In base a queste paure può essere che il ritorno delle persone richiederà diverso tempo. Nella regione ci sono circa dieci villaggi turkmeni, tra i quali quelli lungo il confine sono ancora popolati. Ma molti turkmeni durante i combattimenti sono fuggiti o in direzione di Raqqa o in direzione della Turchia. Per il loro ritorno, a parte le mine, non ci sono ostacoli. Inoltre c’è anche il tema del ritorno dei circa 10.000 – 12.000 curdi che nel 2012 con la presa del potere da parte degli islamisti hanno dovuto lasciare Tall Abyad. Molte delle loro case sono state poi utilizzate da IS.

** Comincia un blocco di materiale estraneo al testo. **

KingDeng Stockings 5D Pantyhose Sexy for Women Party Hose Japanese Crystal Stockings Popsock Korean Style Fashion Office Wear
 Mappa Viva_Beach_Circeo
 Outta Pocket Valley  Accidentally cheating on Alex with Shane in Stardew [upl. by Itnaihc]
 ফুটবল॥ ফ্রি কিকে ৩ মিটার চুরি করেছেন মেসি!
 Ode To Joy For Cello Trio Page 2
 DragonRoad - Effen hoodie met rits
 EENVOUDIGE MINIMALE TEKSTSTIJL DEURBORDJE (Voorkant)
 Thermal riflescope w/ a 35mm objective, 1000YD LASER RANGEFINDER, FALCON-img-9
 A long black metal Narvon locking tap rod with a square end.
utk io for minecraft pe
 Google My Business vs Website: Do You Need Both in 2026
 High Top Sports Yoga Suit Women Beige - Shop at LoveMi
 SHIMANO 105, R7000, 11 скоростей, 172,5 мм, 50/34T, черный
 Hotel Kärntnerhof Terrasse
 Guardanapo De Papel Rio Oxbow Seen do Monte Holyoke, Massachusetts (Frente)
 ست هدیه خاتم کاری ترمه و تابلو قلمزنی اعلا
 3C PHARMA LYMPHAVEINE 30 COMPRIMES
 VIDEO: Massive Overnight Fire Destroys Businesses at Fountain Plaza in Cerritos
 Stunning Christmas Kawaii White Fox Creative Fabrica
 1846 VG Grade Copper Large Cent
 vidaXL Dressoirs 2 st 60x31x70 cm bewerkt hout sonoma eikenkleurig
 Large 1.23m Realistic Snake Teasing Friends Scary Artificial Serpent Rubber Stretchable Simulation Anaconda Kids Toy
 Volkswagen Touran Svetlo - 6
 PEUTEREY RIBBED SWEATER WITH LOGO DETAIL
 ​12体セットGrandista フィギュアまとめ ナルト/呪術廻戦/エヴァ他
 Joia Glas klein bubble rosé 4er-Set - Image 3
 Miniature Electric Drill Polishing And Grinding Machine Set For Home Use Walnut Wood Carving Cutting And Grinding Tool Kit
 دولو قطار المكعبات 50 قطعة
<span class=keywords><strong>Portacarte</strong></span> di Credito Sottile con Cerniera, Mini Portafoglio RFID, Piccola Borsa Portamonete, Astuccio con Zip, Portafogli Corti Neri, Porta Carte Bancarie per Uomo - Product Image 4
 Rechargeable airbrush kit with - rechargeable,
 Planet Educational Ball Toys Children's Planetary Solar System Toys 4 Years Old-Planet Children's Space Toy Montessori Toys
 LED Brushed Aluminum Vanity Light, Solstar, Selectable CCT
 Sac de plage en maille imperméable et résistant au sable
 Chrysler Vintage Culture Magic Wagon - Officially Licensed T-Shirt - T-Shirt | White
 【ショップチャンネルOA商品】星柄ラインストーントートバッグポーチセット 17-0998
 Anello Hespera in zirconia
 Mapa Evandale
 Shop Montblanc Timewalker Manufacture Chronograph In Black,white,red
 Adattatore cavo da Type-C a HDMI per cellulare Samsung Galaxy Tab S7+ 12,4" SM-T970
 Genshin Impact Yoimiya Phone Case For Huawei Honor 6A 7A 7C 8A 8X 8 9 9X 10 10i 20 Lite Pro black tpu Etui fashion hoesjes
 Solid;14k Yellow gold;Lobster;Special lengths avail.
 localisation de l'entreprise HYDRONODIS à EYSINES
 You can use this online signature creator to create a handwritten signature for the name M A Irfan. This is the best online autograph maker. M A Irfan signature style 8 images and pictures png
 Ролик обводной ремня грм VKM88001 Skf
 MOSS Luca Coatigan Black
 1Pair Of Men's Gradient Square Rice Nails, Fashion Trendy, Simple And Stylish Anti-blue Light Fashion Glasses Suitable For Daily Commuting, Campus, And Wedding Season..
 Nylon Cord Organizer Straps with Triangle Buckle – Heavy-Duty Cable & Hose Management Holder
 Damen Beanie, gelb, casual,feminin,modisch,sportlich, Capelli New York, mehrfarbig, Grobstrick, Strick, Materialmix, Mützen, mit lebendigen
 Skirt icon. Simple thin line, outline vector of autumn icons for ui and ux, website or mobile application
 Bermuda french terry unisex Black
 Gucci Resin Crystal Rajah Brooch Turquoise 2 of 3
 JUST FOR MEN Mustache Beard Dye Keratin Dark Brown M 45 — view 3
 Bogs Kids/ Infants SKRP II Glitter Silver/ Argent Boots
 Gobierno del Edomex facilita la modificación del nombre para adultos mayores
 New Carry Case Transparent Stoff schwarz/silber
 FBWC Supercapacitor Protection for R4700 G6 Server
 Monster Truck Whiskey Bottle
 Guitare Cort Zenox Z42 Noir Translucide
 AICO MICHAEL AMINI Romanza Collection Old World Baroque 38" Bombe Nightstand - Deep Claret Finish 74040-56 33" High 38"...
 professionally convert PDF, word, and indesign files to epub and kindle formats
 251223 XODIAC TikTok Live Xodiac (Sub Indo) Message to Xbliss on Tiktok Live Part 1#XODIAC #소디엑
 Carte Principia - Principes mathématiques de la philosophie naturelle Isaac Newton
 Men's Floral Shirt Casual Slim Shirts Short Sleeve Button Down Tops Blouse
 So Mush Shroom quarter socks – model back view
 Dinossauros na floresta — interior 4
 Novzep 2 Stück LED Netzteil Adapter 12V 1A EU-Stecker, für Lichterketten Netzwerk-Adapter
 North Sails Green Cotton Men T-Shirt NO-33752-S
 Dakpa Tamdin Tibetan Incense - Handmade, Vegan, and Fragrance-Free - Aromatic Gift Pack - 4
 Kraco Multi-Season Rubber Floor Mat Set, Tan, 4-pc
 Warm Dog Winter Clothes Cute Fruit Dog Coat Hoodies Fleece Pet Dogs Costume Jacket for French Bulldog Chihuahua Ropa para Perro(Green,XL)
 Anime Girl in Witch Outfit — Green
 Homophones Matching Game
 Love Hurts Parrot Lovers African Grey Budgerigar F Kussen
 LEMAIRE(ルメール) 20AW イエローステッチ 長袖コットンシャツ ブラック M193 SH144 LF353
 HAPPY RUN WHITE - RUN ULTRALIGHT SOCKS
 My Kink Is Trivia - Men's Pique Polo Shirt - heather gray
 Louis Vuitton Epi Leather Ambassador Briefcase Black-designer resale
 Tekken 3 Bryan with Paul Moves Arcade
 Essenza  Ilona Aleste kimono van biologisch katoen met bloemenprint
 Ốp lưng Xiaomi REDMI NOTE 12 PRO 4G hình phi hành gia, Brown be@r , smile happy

Infine va ricordato: come nel caso di Kobanê, anche nel caso di Tall Abyad al governo turco è di nuovo riuscito che siano circolate nel mondo foto dove compaiono insieme miliziani di IS e soldati turchi. Il successivo show di PR portato avanti con l’arresto di quattro o cinque miliziani di IS da parte dei militari turchi difficilmente basterà per rimuovere la percezione internazionale della Turchia come sostenitrice di Stato Islamico.